# [Work item]
From the line containing "White House‎ Black" down to the line containing "Contenitore Fresko Rett." in the records below, reproduce every line exactly, ends included, and omit all others.

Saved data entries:
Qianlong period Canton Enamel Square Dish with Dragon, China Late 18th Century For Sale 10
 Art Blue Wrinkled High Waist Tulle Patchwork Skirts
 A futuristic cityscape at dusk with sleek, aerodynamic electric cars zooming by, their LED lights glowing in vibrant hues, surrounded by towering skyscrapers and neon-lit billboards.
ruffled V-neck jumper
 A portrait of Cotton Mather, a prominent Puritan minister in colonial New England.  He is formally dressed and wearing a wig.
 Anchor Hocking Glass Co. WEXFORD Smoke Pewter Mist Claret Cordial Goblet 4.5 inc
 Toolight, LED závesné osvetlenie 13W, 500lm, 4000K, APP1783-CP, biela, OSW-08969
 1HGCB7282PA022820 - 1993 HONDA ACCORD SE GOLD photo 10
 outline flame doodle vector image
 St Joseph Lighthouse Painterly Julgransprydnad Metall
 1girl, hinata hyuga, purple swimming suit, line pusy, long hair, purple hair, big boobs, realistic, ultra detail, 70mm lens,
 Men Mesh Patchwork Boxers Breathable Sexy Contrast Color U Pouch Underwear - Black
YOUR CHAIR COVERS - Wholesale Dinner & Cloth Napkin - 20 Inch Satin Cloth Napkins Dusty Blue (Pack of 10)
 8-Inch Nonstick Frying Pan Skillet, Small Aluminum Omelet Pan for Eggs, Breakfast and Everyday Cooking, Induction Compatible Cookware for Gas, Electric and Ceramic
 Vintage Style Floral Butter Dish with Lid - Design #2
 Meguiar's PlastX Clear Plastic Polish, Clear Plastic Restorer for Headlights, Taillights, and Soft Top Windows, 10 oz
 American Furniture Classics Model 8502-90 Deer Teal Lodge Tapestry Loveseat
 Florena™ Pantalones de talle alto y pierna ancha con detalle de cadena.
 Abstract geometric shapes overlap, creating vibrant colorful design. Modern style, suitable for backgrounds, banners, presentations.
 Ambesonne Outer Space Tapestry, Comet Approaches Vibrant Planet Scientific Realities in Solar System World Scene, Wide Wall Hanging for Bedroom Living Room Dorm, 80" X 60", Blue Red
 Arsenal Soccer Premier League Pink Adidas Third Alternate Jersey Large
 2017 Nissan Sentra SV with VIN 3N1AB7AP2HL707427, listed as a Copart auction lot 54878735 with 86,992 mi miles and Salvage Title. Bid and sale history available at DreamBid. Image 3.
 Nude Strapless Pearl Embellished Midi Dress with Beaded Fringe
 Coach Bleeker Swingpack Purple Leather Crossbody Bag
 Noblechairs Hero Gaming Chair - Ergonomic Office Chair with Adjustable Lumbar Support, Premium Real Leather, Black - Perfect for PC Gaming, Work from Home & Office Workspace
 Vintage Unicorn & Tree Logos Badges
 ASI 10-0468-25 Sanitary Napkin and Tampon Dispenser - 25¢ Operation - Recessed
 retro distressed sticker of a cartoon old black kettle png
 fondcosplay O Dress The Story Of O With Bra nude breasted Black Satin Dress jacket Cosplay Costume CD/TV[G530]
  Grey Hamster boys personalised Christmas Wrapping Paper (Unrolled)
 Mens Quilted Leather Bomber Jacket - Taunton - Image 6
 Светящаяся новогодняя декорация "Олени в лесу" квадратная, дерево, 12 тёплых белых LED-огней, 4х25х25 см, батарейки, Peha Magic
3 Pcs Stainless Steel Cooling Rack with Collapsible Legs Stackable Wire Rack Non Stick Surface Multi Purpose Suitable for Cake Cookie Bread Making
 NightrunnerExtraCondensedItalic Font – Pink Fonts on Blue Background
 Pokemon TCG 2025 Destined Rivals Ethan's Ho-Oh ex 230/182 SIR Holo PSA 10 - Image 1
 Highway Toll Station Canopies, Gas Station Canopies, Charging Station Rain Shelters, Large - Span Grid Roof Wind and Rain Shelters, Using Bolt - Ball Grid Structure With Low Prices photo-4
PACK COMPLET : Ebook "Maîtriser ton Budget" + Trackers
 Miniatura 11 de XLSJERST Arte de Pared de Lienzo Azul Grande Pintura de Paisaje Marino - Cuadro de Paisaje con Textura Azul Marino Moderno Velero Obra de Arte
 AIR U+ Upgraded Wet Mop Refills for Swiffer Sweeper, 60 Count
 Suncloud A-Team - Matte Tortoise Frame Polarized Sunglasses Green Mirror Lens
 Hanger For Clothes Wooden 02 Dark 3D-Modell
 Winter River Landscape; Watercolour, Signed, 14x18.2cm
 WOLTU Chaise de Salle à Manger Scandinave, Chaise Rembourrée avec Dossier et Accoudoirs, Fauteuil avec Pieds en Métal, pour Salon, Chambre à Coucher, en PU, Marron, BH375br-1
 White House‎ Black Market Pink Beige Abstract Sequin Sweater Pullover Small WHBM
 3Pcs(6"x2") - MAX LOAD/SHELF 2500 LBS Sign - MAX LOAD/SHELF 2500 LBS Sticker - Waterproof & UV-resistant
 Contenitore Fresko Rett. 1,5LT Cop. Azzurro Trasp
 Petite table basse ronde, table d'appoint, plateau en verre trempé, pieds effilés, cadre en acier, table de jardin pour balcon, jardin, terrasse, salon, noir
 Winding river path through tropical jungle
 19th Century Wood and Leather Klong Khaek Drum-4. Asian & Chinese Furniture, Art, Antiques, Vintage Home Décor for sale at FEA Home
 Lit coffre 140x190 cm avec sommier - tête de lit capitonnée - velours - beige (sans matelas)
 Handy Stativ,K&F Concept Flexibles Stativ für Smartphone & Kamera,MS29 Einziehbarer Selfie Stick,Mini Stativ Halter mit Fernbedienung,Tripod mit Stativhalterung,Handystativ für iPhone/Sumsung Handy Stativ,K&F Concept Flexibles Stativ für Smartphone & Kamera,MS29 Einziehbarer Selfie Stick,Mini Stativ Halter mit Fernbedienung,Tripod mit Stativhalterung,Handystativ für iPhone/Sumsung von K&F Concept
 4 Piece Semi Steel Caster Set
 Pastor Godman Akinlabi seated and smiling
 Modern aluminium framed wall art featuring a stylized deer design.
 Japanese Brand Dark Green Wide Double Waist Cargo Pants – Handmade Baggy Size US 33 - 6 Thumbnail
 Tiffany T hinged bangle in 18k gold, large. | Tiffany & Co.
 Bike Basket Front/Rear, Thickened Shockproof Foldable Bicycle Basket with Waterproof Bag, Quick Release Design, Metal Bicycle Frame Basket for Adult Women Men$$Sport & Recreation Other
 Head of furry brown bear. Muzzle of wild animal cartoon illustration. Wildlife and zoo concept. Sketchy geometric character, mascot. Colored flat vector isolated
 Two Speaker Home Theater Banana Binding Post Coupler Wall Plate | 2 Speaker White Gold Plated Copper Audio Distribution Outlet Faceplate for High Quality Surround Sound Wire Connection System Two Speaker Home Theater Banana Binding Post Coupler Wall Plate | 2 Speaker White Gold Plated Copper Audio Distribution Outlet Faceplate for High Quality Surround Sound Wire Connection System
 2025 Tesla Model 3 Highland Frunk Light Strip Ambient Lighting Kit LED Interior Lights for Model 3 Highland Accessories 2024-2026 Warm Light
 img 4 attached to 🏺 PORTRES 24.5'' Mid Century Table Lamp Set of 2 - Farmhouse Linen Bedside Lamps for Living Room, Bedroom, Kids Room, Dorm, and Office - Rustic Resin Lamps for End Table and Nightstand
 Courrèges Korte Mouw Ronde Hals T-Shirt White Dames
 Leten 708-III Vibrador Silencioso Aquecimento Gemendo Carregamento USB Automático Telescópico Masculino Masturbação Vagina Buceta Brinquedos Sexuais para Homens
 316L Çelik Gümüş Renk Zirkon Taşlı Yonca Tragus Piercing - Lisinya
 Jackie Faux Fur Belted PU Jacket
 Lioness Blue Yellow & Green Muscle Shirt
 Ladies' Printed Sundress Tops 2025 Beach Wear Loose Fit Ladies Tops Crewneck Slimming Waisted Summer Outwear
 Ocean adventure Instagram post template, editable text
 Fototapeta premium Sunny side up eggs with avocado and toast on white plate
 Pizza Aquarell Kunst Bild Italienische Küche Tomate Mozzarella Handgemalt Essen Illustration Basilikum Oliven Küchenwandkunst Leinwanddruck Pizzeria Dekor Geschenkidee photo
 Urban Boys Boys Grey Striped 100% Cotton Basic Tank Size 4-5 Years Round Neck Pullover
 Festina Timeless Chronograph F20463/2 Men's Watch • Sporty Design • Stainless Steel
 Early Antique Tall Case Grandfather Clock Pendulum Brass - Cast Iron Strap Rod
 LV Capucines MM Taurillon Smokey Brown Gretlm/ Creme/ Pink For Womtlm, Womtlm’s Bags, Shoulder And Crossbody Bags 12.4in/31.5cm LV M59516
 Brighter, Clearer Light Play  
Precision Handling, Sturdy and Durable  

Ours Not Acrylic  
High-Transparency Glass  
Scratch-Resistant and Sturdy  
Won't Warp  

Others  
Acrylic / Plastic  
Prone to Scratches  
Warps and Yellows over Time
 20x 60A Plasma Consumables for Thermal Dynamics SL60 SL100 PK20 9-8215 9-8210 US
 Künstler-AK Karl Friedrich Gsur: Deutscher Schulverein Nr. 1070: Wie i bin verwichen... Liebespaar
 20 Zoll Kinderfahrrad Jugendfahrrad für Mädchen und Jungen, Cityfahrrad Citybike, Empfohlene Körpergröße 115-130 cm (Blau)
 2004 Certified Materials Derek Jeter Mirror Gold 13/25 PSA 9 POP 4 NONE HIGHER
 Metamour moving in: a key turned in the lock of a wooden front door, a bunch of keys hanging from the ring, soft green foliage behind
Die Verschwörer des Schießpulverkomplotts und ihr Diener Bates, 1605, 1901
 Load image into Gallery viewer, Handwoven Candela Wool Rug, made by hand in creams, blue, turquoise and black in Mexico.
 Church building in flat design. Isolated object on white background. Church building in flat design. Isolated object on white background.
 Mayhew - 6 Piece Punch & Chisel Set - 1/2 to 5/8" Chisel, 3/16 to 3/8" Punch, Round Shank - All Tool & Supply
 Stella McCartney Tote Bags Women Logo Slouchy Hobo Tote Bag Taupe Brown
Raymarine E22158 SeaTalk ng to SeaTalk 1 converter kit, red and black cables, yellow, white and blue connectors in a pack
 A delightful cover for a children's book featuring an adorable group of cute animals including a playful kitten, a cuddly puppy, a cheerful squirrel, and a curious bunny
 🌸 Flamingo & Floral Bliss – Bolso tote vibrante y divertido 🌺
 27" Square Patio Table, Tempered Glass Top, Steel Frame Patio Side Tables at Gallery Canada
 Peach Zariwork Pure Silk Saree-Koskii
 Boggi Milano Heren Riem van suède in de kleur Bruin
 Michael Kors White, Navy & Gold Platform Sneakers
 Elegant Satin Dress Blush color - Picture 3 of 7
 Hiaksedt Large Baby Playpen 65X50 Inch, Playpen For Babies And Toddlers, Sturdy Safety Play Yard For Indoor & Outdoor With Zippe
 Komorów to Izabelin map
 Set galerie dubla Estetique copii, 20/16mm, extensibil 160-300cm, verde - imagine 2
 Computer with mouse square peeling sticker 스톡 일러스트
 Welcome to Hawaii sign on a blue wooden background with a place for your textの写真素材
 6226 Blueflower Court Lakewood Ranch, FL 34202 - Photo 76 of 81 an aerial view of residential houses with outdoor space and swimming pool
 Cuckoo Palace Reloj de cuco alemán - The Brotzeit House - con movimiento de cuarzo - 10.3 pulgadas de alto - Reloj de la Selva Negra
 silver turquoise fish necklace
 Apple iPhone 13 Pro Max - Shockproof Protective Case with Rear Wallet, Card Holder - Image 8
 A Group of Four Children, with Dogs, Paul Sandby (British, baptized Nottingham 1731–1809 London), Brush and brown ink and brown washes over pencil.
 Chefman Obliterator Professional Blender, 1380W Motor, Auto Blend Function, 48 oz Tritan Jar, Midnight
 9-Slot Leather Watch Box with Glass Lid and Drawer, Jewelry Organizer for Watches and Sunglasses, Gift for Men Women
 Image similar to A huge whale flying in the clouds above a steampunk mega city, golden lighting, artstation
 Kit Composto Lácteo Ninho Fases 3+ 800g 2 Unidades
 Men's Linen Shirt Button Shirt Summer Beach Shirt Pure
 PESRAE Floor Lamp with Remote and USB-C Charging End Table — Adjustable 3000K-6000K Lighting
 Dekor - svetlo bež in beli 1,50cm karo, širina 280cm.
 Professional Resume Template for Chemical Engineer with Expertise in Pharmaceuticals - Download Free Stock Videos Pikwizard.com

# [Solution to the problem]
 White House‎ Black Market Pink Beige Abstract Sequin Sweater Pullover Small WHBM
 3Pcs(6"x2") - MAX LOAD/SHELF 2500 LBS Sign - MAX LOAD/SHELF 2500 LBS Sticker - Waterproof & UV-resistant
 Contenitore Fresko Rett. 1,5LT Cop. Azzurro Trasp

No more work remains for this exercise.